[I18n-sig] Re: CJKCodecs 0.9 is released

Matt Gushee Matt Gushee <mgushee@havenrock.com>
Sat, 21 Jun 2003 16:51:07 -0600


Some may consider this off-topic, but I don't believe the right course
of action here can be decided on purely technical grounds. So here goes:

On Sat, Jun 21, 2003 at 11:16:22PM +0200, Martin v. Löwis wrote:
> 
> > This is a rediculously pedantic approach that will end up pissing
> > people off: the PUA in Unicode is designed for this purpose, so it
> > should be used.
> 
> It is fine if users are aware that this happens. If they are not, they
> will be pissed off when they find out.

Could be, if by "users" you mean developers that use the library. I
doubt that more than a minuscule fraction of end users has even heard of
Unicode. They just want working software and readable documents. And I
think has a lot to do with the success of Shift-JIS, even though it is
the epitome of bad design: at the time it was developed, half-width
katakana were in widespread use, and it Shift-JIS made it easy to
accommodate that need.

> > Where does it say you cannot cannot encode PUA characters in UTF-8? If
> > you have a custom font that handles these code points, then you are
> > going to be upset that you can't display them because the author of
> > the codec decided that PUA characters are an abomination that should
> > be striken from the earth.
> 
> And if you don't have such a font, you will see some replacement
> characters.

Well, I don't have an intimate knowledge of how CJKV character sets are
used on a daily basis, but I do have a broad knowledge of how society
works in at least Japan and mainland China (been to both, studied the
history in school, lived in Japan for seven years), and I would guess
that the availability of fonts in any given scenario is somewhat
analogous to the availability of XML DTDs: organizations (or
individuals) tend to have the same technology (fonts, software, etc.)
as other organizations that they are likely to exchange documents with.
That's not unique to Asia, of course, but I have the impression it is
more true there than in the West.

> Private characters should never leave the scope of "the application",
> and some effort should be done to make sure they don't leak out of
> "the application".

If by "application," you mean a particular software program or a closely
coordinated set of programs, I very much doubt that goal is achievable
in the foreseeable future. Maybe if you took a somewhat broader view and
said something like "system," encompassing both software and a set of
business practices, it would be realistic.
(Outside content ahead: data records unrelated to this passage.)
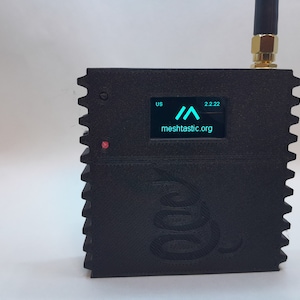 Heltec v3 meshtastic complete 915mhz Heltec V3 Radio node w/ custom case 2000mah battery BLACK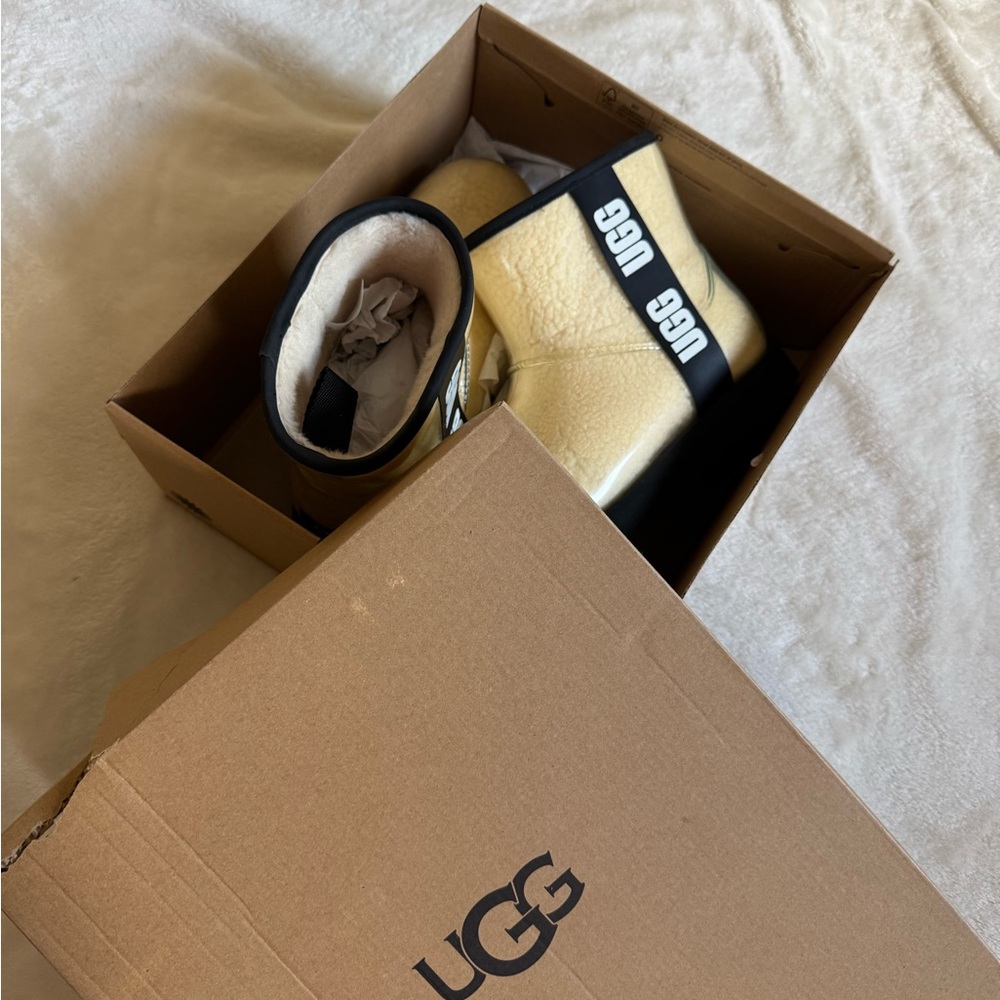 UGG Men's Cream and Black Slippers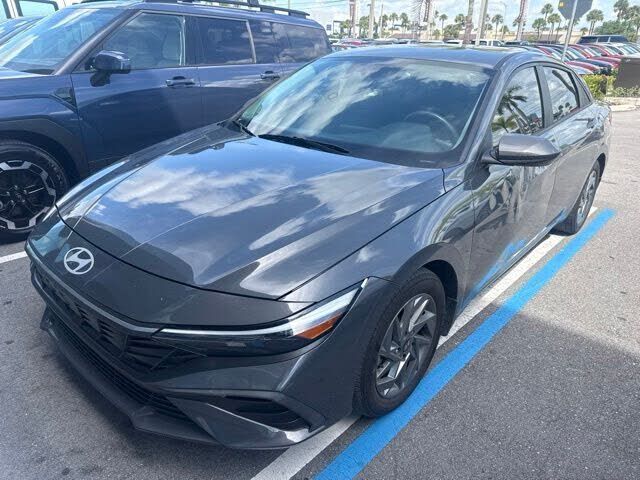 2024 HYUNDAI Elantra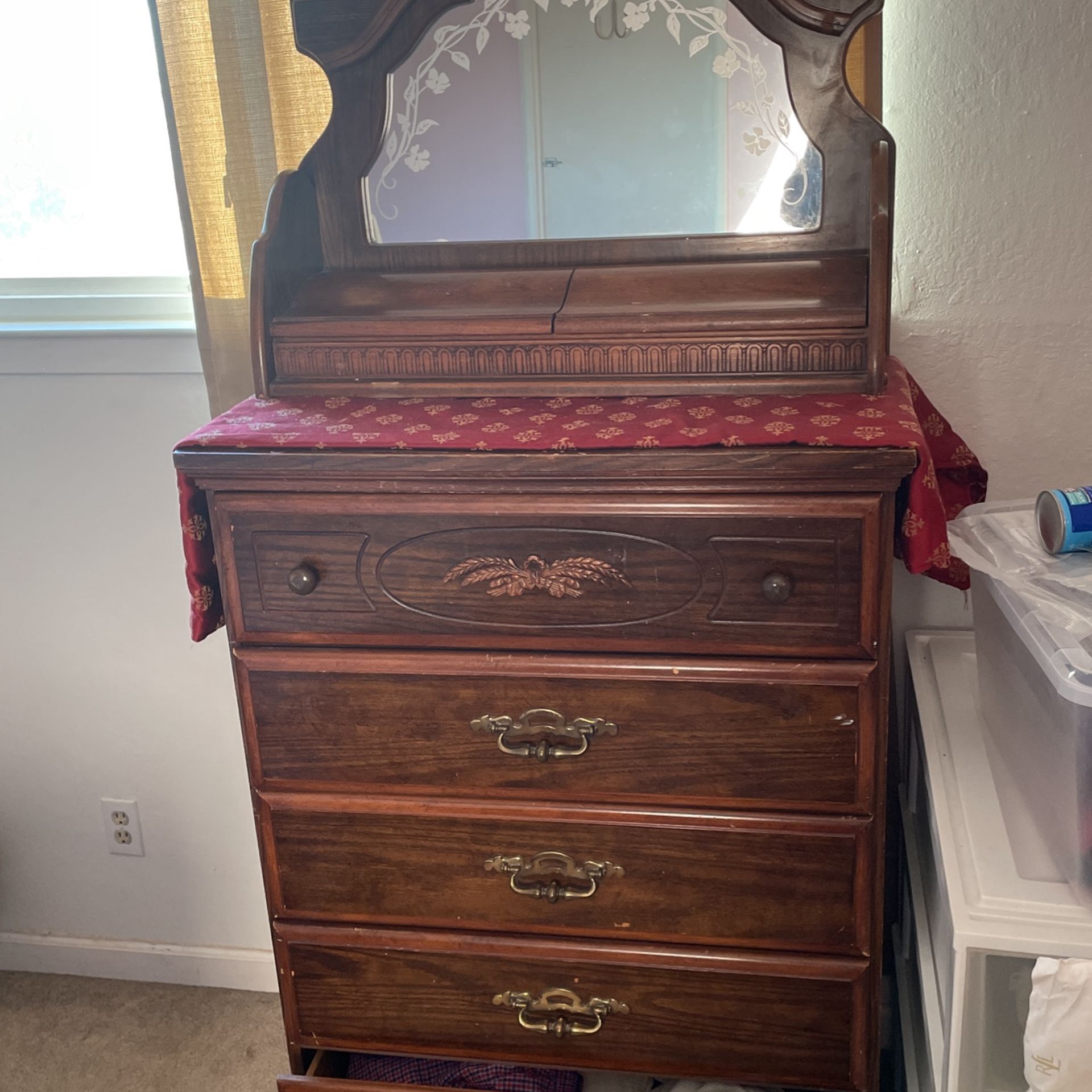 Wood Chest Includes A Top Mirror With 2 Drawers
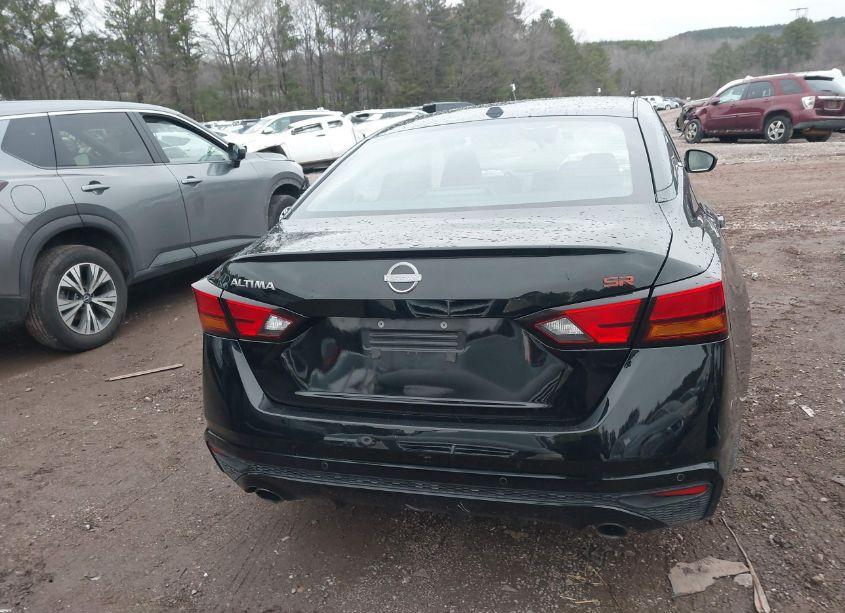 Photo 16 of 2023 Nissan Altima SR FWD (VIN 1N4BL4CV3PN393543)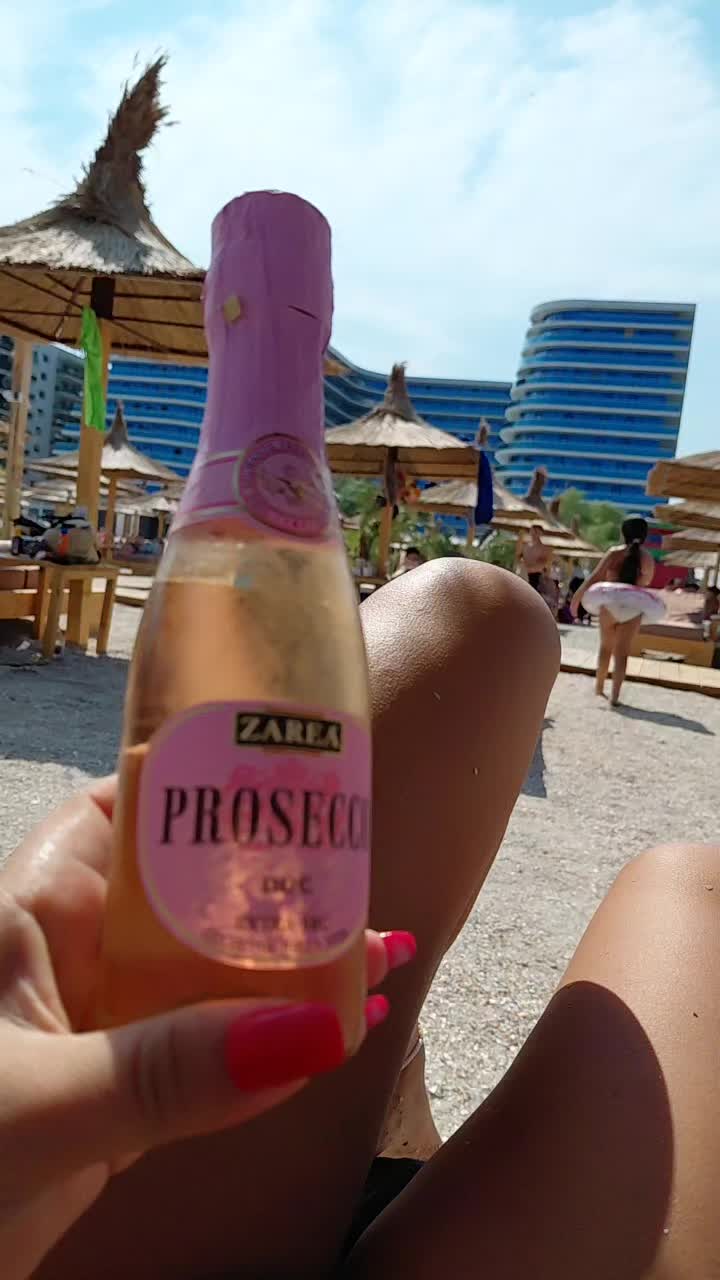 @Anisia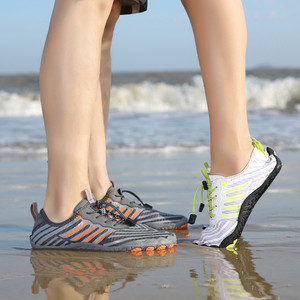 <span class=keywords><strong>Chaussures</strong></span> <span class=keywords><strong>de</strong></span> randonnée, <span class=keywords><strong>de</strong></span> surf, <span class=keywords><strong>de</strong></span> natation, <span class=keywords><strong>de</strong></span> marche aquatique et <span class=keywords><strong>de</strong></span> plage unisexes respirantes à cinq <span class=keywords><strong>doigts</strong></span> <span class=keywords><strong>avec</strong></span> empeigne en maille et semelle extérieure en caoutchouc - Product Image 6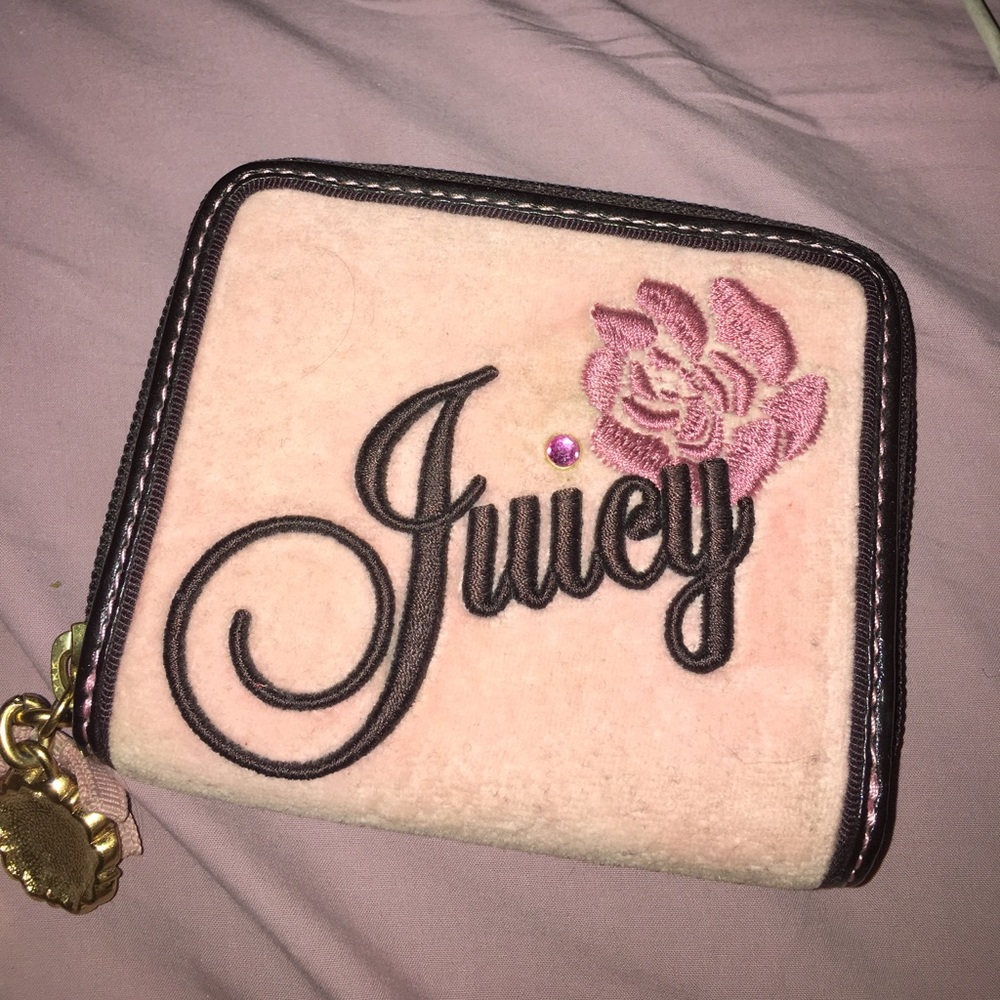 Juicy couture pink zip wallet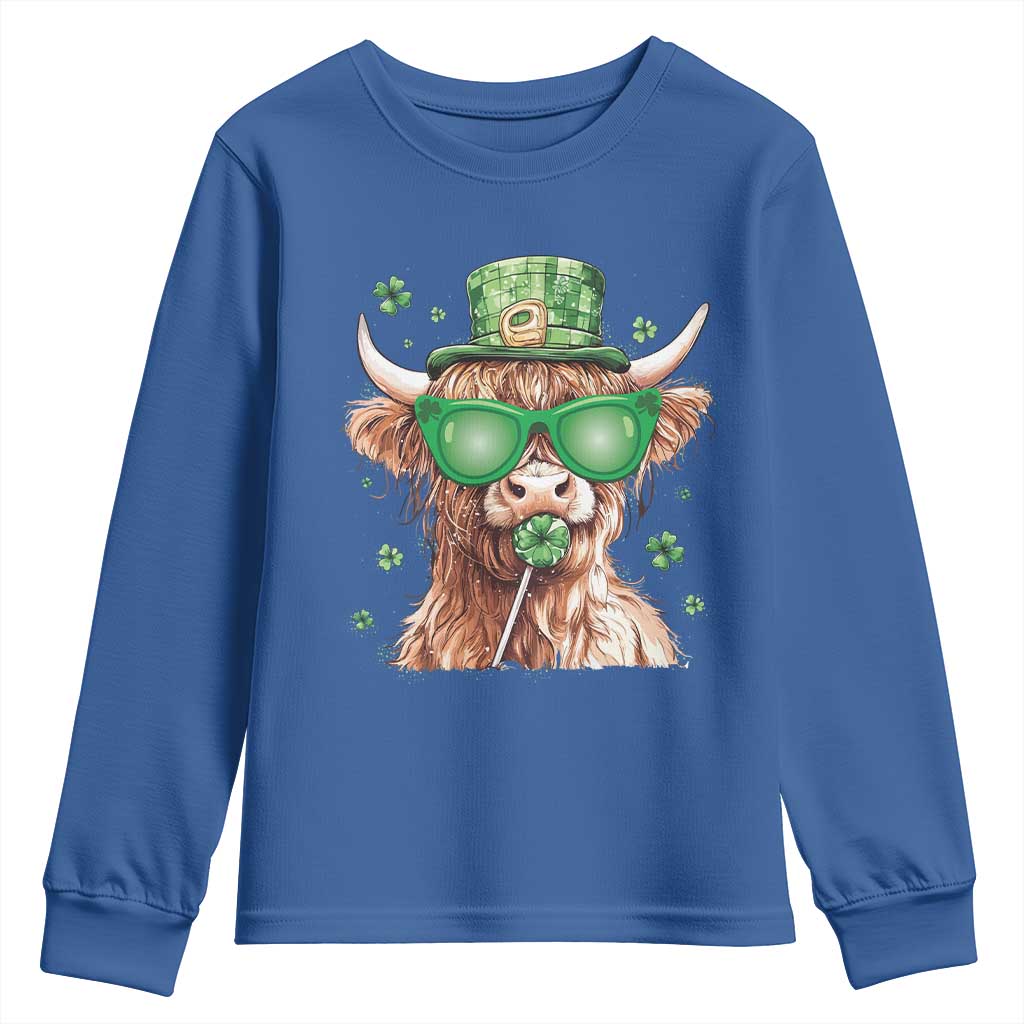 Funny St Patrick's Day Highland Cow Shamrock Youth Sweatshirt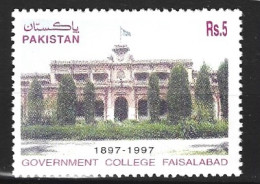 PAKISTAN. N°962 De 1998. Collège Du Gouvernement. - Pakistan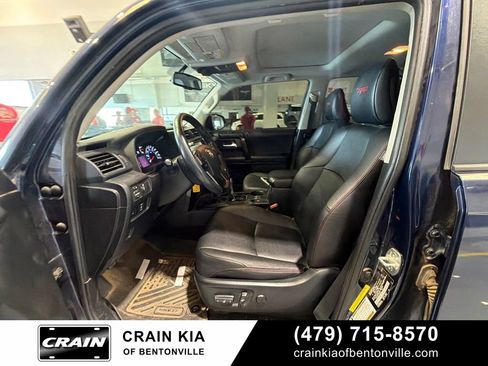Used 2018 Toyota 4Runner TRD Off-Road Premium AWD/4WD image 8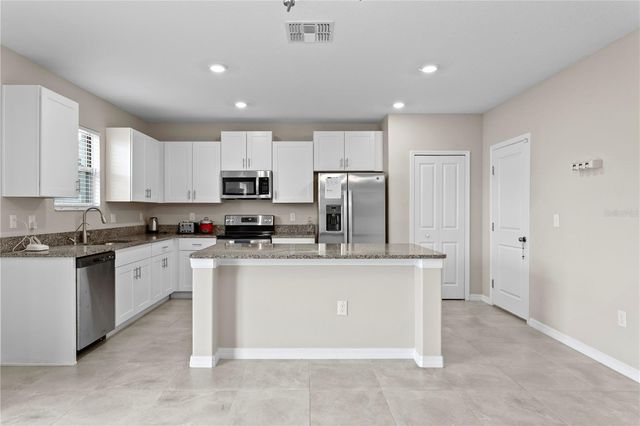 7109 PARADISE ISLAND COURT, Sun City Center, FL 33573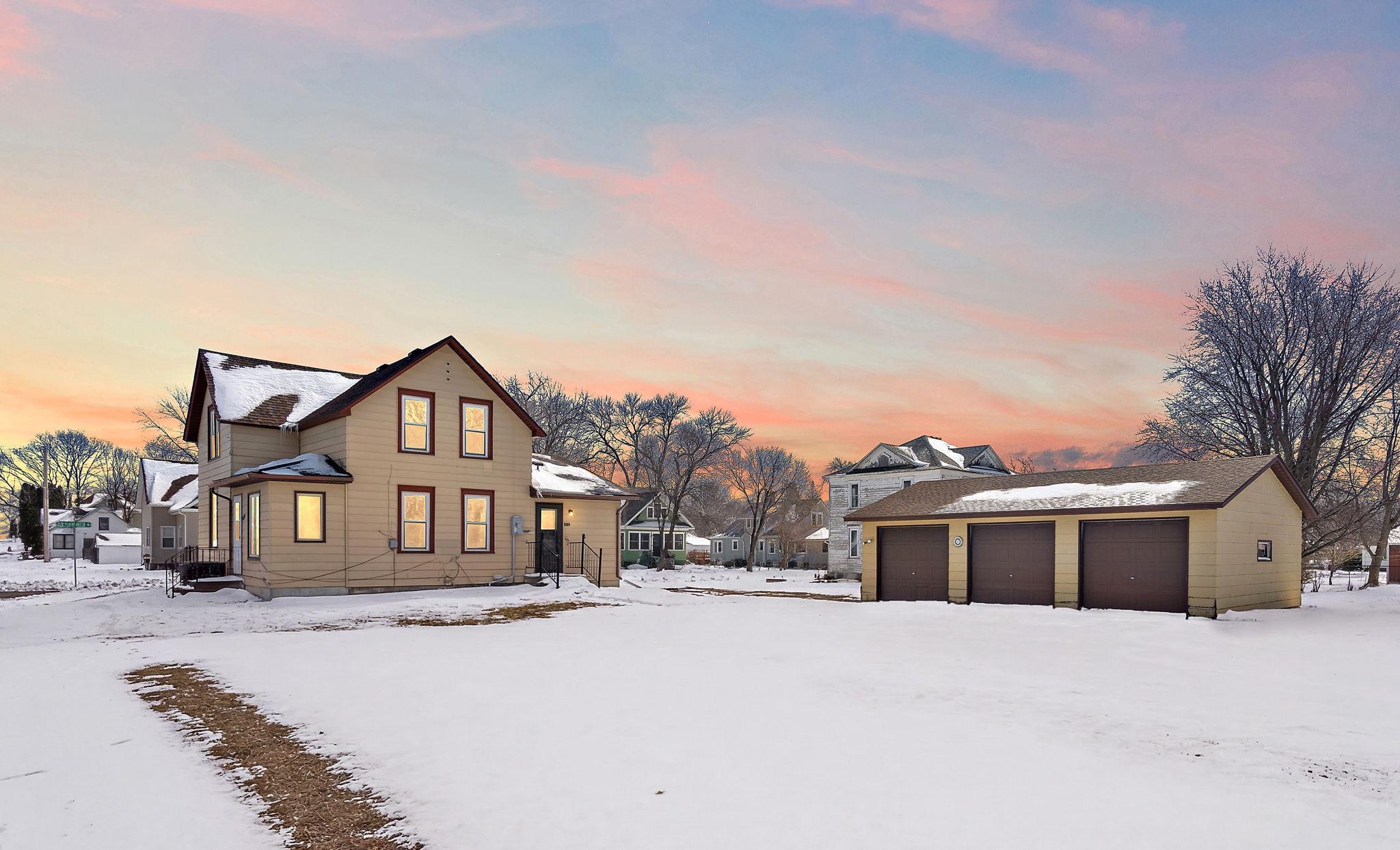 529 Division Street Brownton, MN 55312 - Photo 2 of 22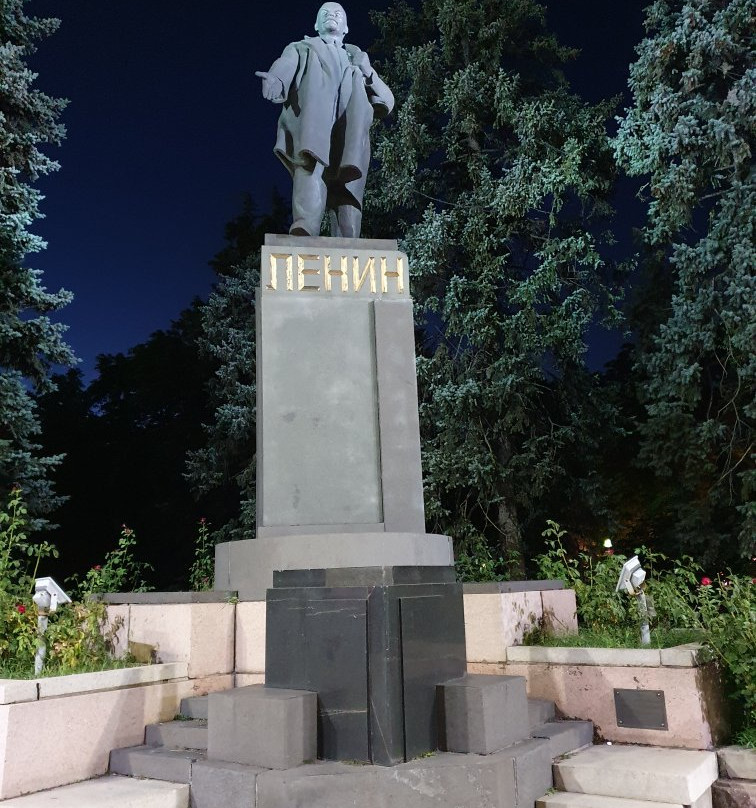 Lenin Statue-罗斯托夫必去景点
> There is nothing one can do, except to have users always declare their
> encodings properly, to use only data formats which include charset
> declarations, to use only charset names that are unambiguous,
> preferably even over time, etc. If people don't follow these rules,
> some things will go wrong. Then, people will learn to correct their
> errors.

No, rigid enforcement of standards is not the only choice. The
alternative is to determine what non-standard practices (or de-facto
standard practices) are most common, and attempt to accommodate those. I
honestly don't know which is better, but philosophically I favor
usability over correctness (of course, the two aren't necessarily at
odds in the long term, but often seem to conflict in the short term).

Adherence to standards is a good thing, but you also have to deal with
the social context where your product is being used. Consider the case
of, say, the typical harried IT manager in a Tokyo insurance firm. He
needs to plan the development of a new Web application; the project
requirements call for a very high-level dynamic language. Well, that
gives him several choices, doesn't it? And let's suppose that Python
requires his team to "always declare their encodings properly, to use
only charset names that are unambiguous ..." and so on. And suppose
one of the alternatives (I don't know, perhaps Ruby?) "just works" for
his use cases. Well, then, why should he use Python?

I'm not suggesting that the goal of standards-compliance be discarded
for the sake of popularity, now or ever. But sometimes you need to be a
little less forceful: give users something that works for them today,
while gently steering them toward the "right" path.

Python is good technology, and good technology should be widely used.
And if correctness comes at the expense of usability, you're just going
to drive people away.

-- 
Matt Gushee                 When a nation follows the Way,
Englewood, Colorado, USA    Horses bear manure through
mgushee@havenrock.com           its fields;
http://www.havenrock.com/   When a nation ignores the Way,
                            Horses bear soldiers through
                                its streets.
                                
                            --Lao Tzu (Peter Merel, trans.)